Nov. 9, Russia introduced a cease-fire between the two countries, an effort that has proved ineffective in the past. This action has left Armenians angry and dissatisfied. 

Terrorist attack in Nice, France

Worshippers in a French church were attacked and three were killed in Nice, France by a Tunisian man armed with a knife in a French church. This attack took place Oct. 29, but was just one event in a complicated history of terrorist attacks, several of which have been claimed by the Islamic State group, and Islamophobia in France. 

Following this attack, the Anti-Terrorism Prosecutor of France has launched an investigation against the young man for murder and attempted murder. France’s national police chief has also ordered increased security at religious sites, including churches and mosques.

Because of the nature of this attack, the French Council of the Muslim Faith has encouraged French Muslims to refrain from celebrations that mark the birthday of Prophet Muhammad in solidarity with those affected by the terrorist attack. 

Just eight days prior to this attack, a French teacher and father, Samuel Paty, was attacked and killed after he showed a caricature of Prophet Muhammad. This frustration was sparked by the fact that the depiction of the Prophet Muhammad is considered blasphemous for Muslims. 

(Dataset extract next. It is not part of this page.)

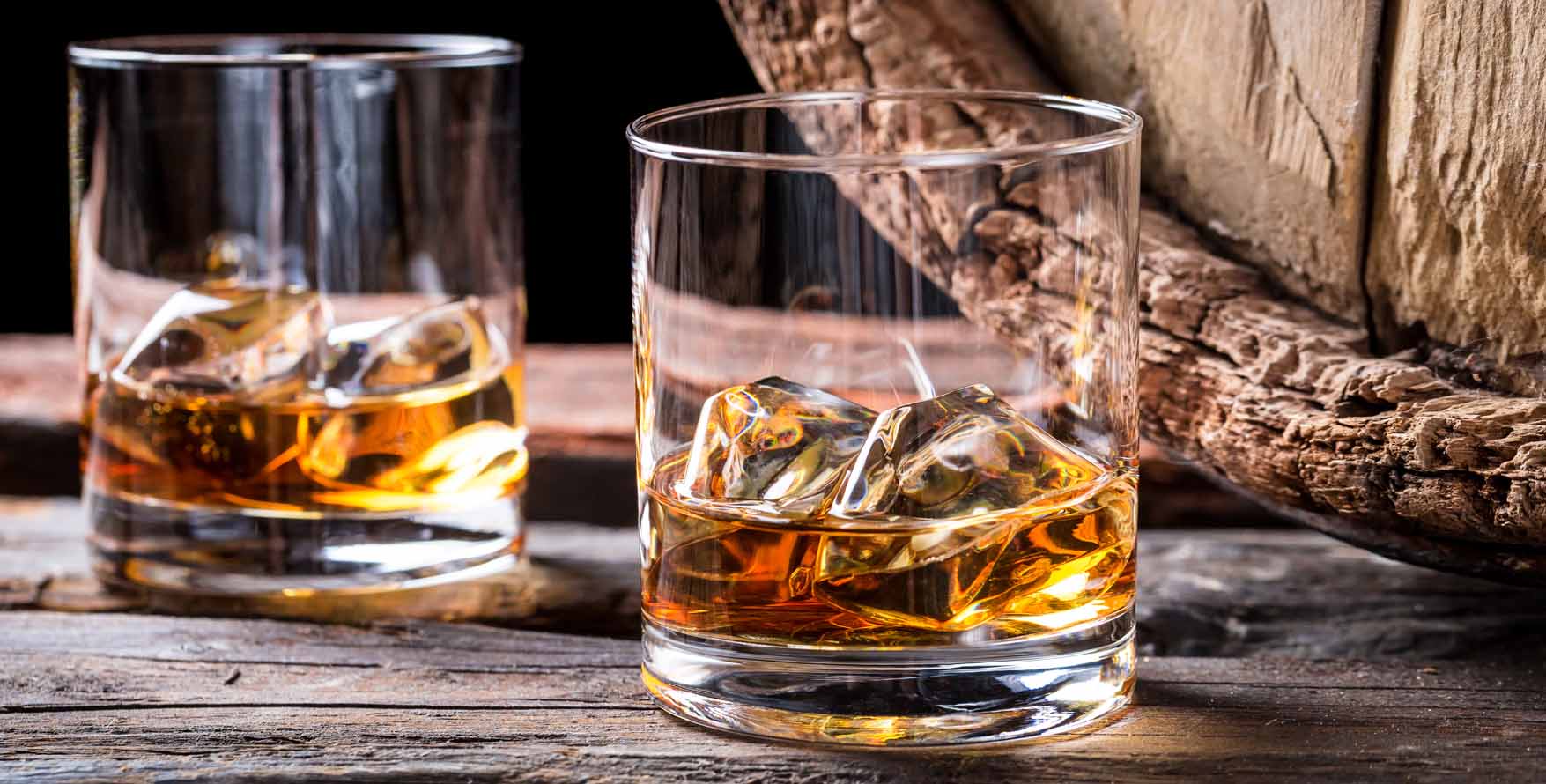 Whiskey on Table with Barrel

Just two events in history of Islamophobia and terrorism in France, French Muslims fear that these current occurrences will prompt “collective punishment” and rising racism in the country. 

Infographic detailing several actions you can take to bring awareness to global issues. (Illustration by Leah Schroeder)

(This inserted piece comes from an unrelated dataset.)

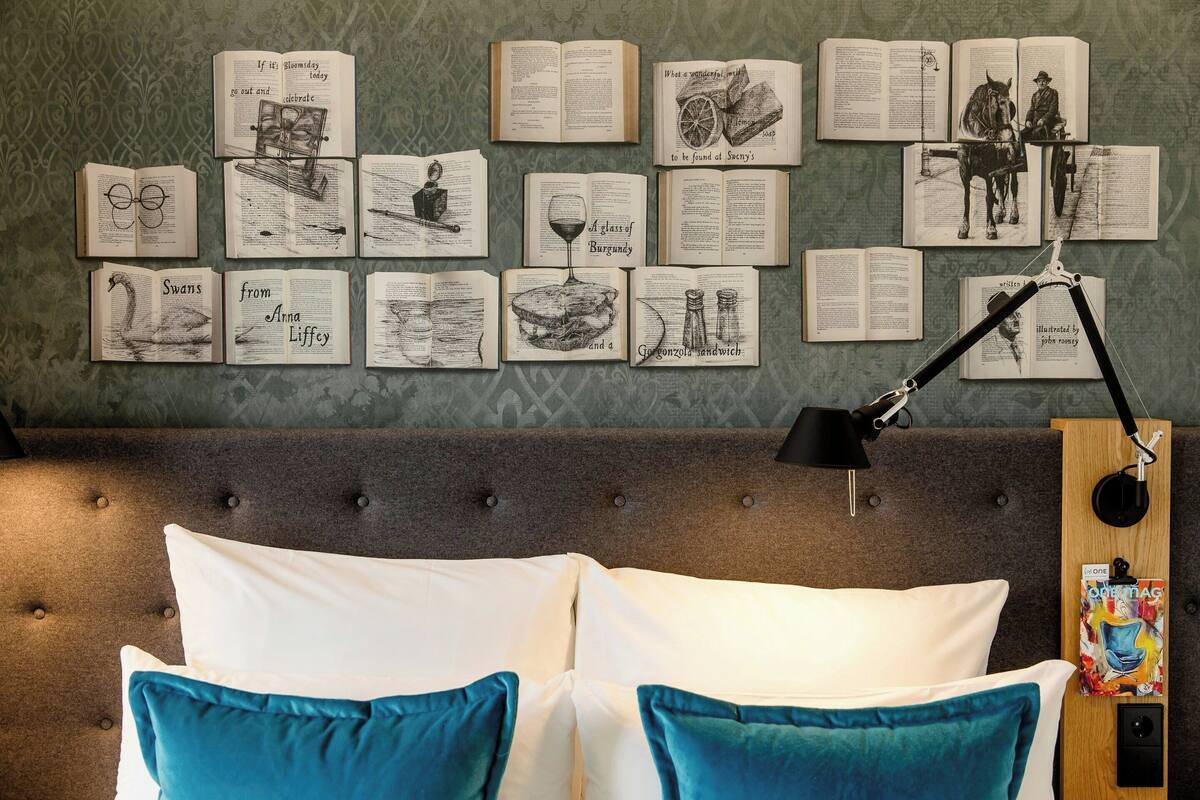 Une chambre à coucher avec un lit, des oreillers, une table de chevet avec une lampe, et un mur décoré de livres ouverts et d’illustrations.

Threat of an Ethiopian Civil War

Issues that have existed for decades have come to a head in recent years with the power struggle between Ethiopian Prime Minister Abiy Ahmed and the Tigray People’s Liberation Front. Recently, pressures have built between the Tigray region and Ethiopian Federal Authorities, with both governments referring to the other as “illegitimate and unconstitutional”. 

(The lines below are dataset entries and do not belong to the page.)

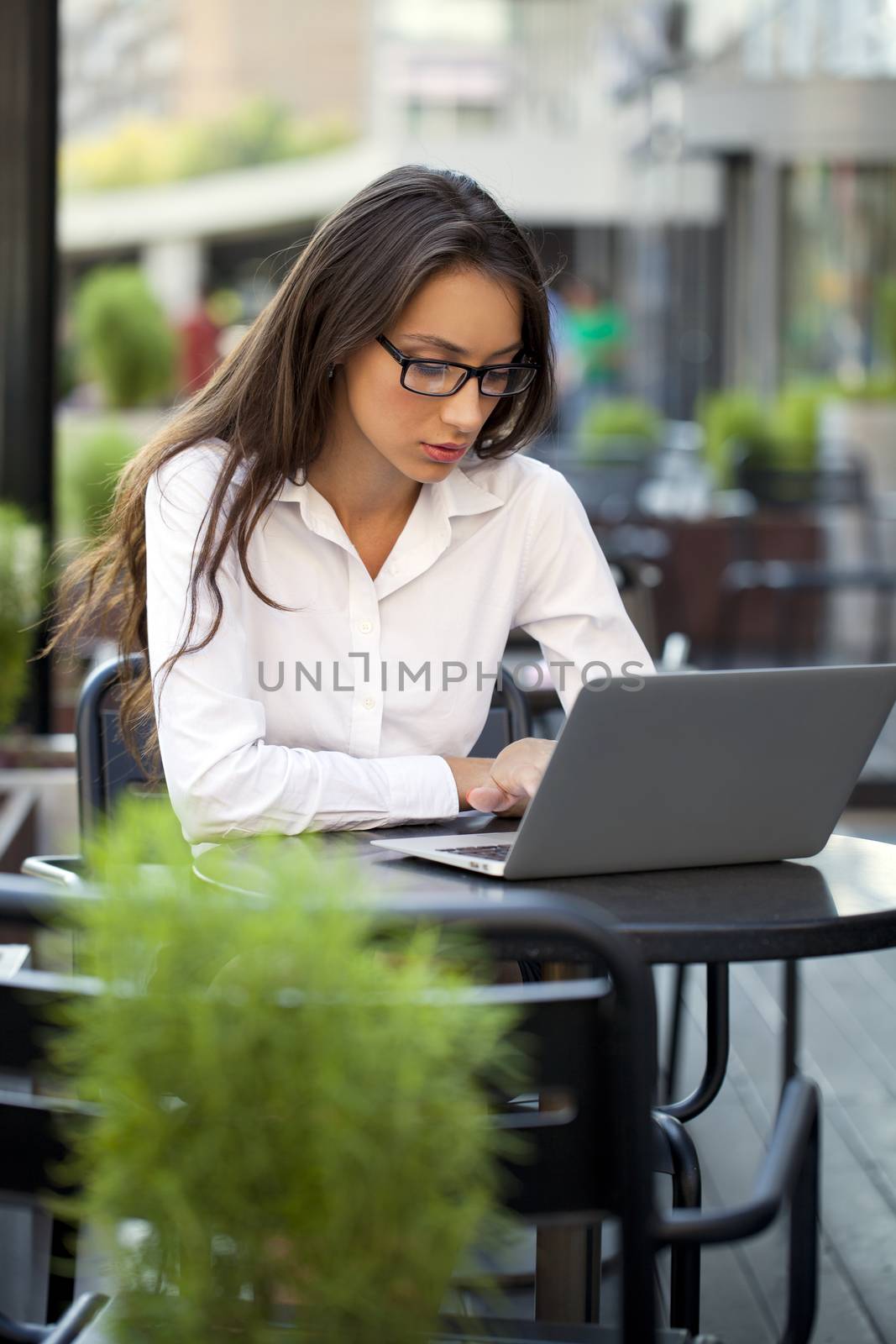 Portrait of young businesswoman working on a laptop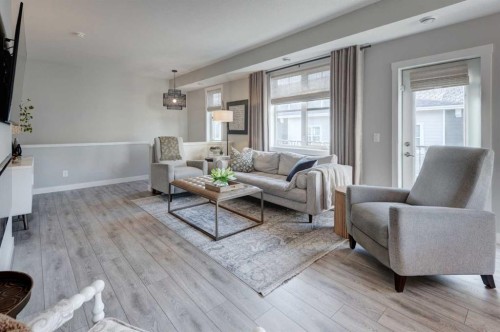 405 Cranbrook Walk Se, Calgary, AB - Indoor Photo Showing Living Room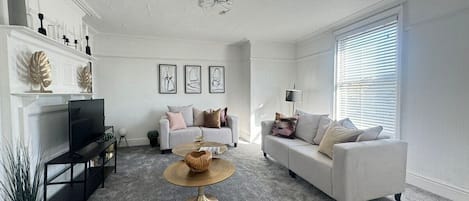 A living room with a fireplace, two sofas, a coffee table, and a television.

Recent occurrences, such as the COVID-19 pandemic, have resulted in fears that this internal conflict could turn into an international conflict. After the federal government postponed an election because of the virus, Tigray created their own regional parliament election, which the Ethiopian federal government has called illegal. This disagreement has prompted military involvement and both the Tigray leader and the Federal government have indicated that they are prepared for the situation to escalate into a military conflict. This situation has posed a threat of a civil war to Ethiopia. 

Uighur Muslim Crisis

Out of 11 million Uighur Muslims in China, over 1 million are reportedly being kept in more than 85 of the known internment camps in the Xinjiang region of northwestern China. This blatant abuse of the Uighur Muslims has been a fact for years in Xinjiang. After the beginning of the war on terror, China was able to use this war as justification for beginning severe movements to quell “separatists” in Xinjiang. During 2017, laws were passed in Xinjiang that seemed to target the Uighur minority, which included laws that prohibited men from growing long beards and women from wearing veils. On top of this, thousands of mosques that are sacred to the Uighur group have been demolished. The U.S. has also used this movement to further their own agenda, citing the war on terror as reasoning for establishing an economic and military presence in China.

Despite having previously denied the existence of internment camps, the government of China acknowledged the camps after photos of building construction with watchtowers and barbed wire emerged. The camps, which many experts assume were built with forced labor, are currently termed “re-education centers” for Uighurs. China holds that these camps are to target poverty and extremism, which they associate with the Uighurs due to the minority having taken responsibility for terrorist attacks in China in 2013 and 2014. 

A few members of the Uighur Muslim minority have spoken about their experience in the internment camps. These individuals recall interrogations, beatings, physical and psychological torture solely because of their religious beliefs.